A compromise being worked out is to keep the christian religion at the heart of education by saying that the universe is controlled by intelligent design - that God is permanently active - releasing knowledge to human kind at a rate that God determines.

I think Unitarians find it amazing that such a conflict of ideals should exist.

If everyone was so certain about the existence of God then this church would be full. If it was certain that there was no God at all and that all human progress was down to the discoveries of science then this church would have been empty since the last century.

The truth is that religion does play a part in many people’s lives but it is also true that many people are happy to live without it.

It is also true that science never finds its goal. The unravelling of one mystery creates a gateway to another. ‘The more we learn, the less we know’

It is possible for religion and science to go together but not as before.

Religion cannot lock it self into the past and say that there can be no new knowledge - that all was revealed many ages ago and cannot be changed.

Religion cannot continually look backwards and promote only its own story as history nor rely on the claim that its authority is based on events where the laws of nature were suspended - where the sun stood still or there was a virgin birth or there was a physical resuurec tion.

Religion cannot claim that its truth is the only truth and that those who question or disbelieve that truth are outcasts.

What religion can offer is the wisdom and experience of ages if people are allowed to look. Religion can offer a moral code which is good for society. Religion can help a person reach an understanding about themselves - what their place is in the great universe. How they should relate to the rest of the world.

We need to teach our children about our religion and our values and if they question them and later reject them then that is part of their process of discovery. We cannot lock them into a religion that has no meaning or significance for the 21st century.

Religion should empower their thinking not constrict it. Religion should help our children to understand the holiness of nature and the miracles of life that are real.

I was reading ann article in the Booklet published this by the National Unitarian Fellowship under the title Heart and Soul.

The article by Henry Crompton discusses these issues and in it he talks about the tensions that exist throughout the natural world and throughout all science.

The new born star contains a tension between the force of gravity holding all its matter together and the forces of thermal and magnetic radiation trying to disintegrate it in a massive explosion.

In all life, there is alwaays a creative force in tension with a destructive one. Build a house and one day it will fall down, create an empire and one day it will be no more. Our bodies grow, we grow in wisdom but also age. Everything has to exist in tension with its opposing force

And yet within all the tensions there is a creative force at work. Quite unexplainable. Quite mysterious. The force that makes the flower grow or gives the child its character. The force that sets the star in motion.

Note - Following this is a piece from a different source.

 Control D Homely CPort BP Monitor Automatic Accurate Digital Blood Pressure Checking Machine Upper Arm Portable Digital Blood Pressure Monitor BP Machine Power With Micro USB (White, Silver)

Humankind seems quite unable to deal with the tensions that exist in the world we live in.

We try to resolve the tensions by confrontation - taking one side or the other and polarising the tensionss and often resolving the differences by violence .. Christianity dealt with the tension of growing knowledge by burning its questioners at the stake.

Tensions between political ideologies are settled by violent wars. Tensions created by lack of finite resources such as water or oil also lead to war.

How do we deal with the tensions in our personal lives or in our communities? Usually by going to one side or the other.

Henry Crompton said that people must learn to live WITH the tension. Be able to live within it. It is part of the creative flow of that force that makes the flower grow and the star come to life.

To always be aware of both sides of the tension.

True religion is accepting the mystery of that creative force and flowing with it because we are all part of it.

True religion is being part of all life, and celebrating it should also be part of life. If this creative force is God, then we are part of God and part of God’s purpose.

As Unitarians we should not be struggling with tensions but living with them, living within them. The religious life is not about holding on to the past nor denying the future - but living in such a way that both are part of the creative process.

All should be moving forward. Moving towards that goal of peace and plenty for all - part of the creative force of life - the essence of God.

It is not so much that we have a personal relationship with our own personal God - as CS Lewis had - but that we have a personal relationship with God as life, the mysterious creative force that is the soul of the universe.